I am undocumented, but I am not illegal. I happened to have been born on the wrong side of a line. Wrong because having been born there I am not afforded the same opportunities as people that were born on this side of the line. I try to find redemption for that. A reason why it is not wrong to have been born over there. Why my grandmother had to leave this land and procreate over there instead of starting a life here.
So far I have not had an epiphany about it, but as I have grown up I have learned that people that have the ability to fly do not use it and they do not appreciate it. And I, that cannot fly, wish to do it so bad and when I finally get the opportunity, I will not take it for granted. I also understand very well the needs of the immigrant community. The way that globalization is making the world smaller. That the United States exports its culture to other countries unashamedly, and in the same way, immigrants come to the United States and bring their culture.

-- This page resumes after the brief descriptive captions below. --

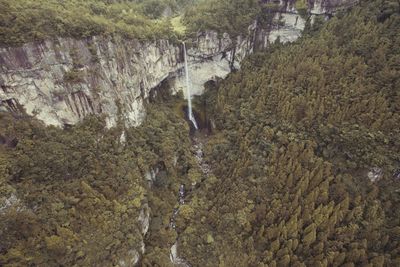 High angle view of trees on riverbank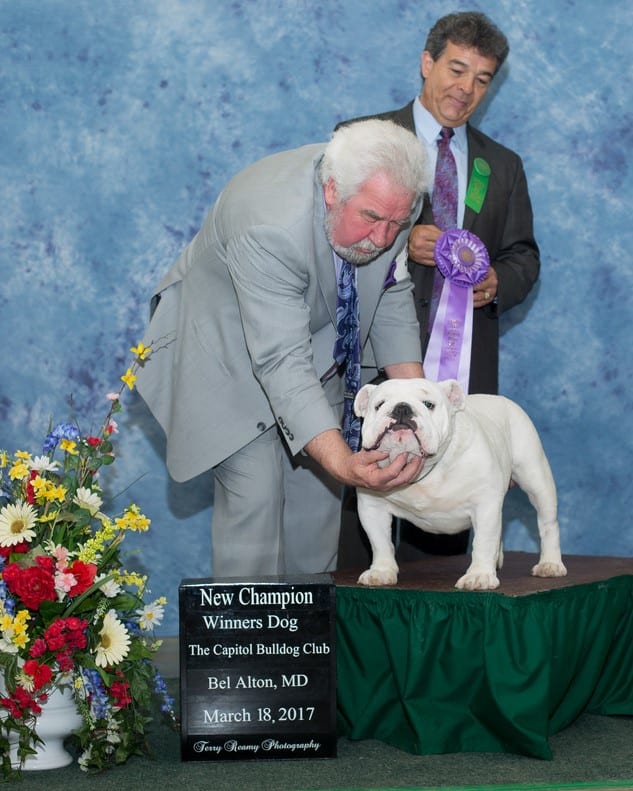 Winners Dog
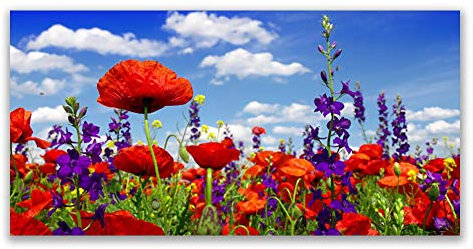 Tulup Acrylic Glass Print 120x60cm Wall Art - Wall Picture Plastic Acrylic Glass - Tulips Nature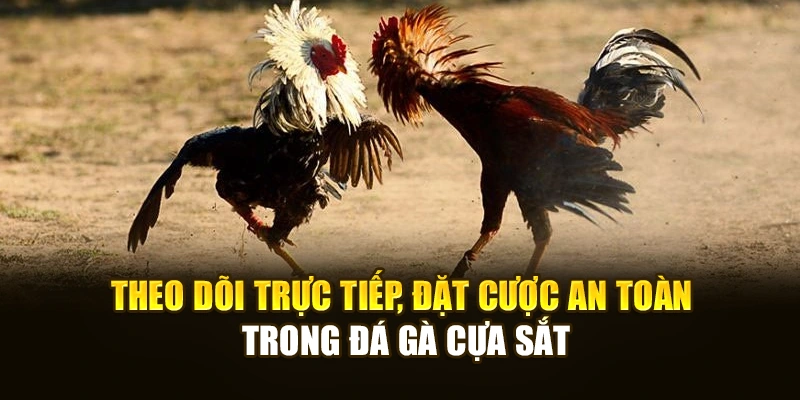 Theo dõi trực tiếp, đặt cược an toàn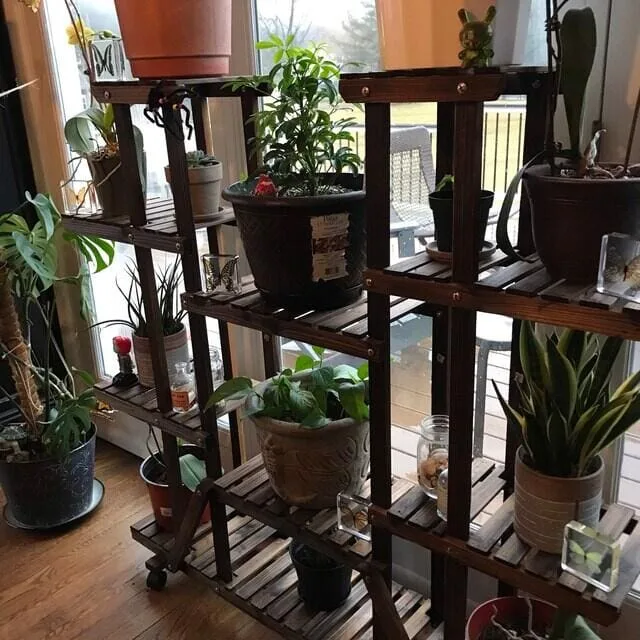 Image #1 from LCeccacci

But still sometimes I go back to thinking I was born in the wrong place. Wrong because I have to justify and explain my existence in this country. Wrong because people tell me that I should not be here. That my siblings and myself do not deserve the opportunity to reach the American dream since we were not born on this side of the line.
But I cannot go back. I do not remember enough of the country in which I was born. I lived there until I was seven and then I left and have never returned. I have thought about it. Sometimes my pride and guilt are so big that I think I could find a job over there. However, I am not completely competent in the language and I am not familiar with the customs. I already went through the pain of having to adapt to a completely foreign place when I came to the United States. I do not want to do it again.
And so I am left where I began, as a second-class citizen of the United States. I am not one of THOSE people. Actually from my experience I do not think there are any of Those people. There are only people like me and my family that came to the United States in search of a better life. My parents do not speak English, but it is not because they do not want to. They try, but having to raise a family on a second-class wage does not exactly leave time to learn English.
And yet I feel a certain amount of pride in being one of Those people because when other people are complaining about not having jobs Those people go out and make their own jobs, whether it be selling things on the street or building someone’s house; they earn a living. Not only do they survive but they live…..we live and we dance and we sing and we pray and we are happy and we believe. Believe that something better will come that something better is already here and we keep on living.
I might be from the wrong side of the line, but I am still a person. I still have dreams. I still have hopes. I am still a human being and like all human beings I was endowed by my creator with certain unalienable rights among those life, liberty, and the pursuit of happiness. And so here I am trying to pursue my happiness.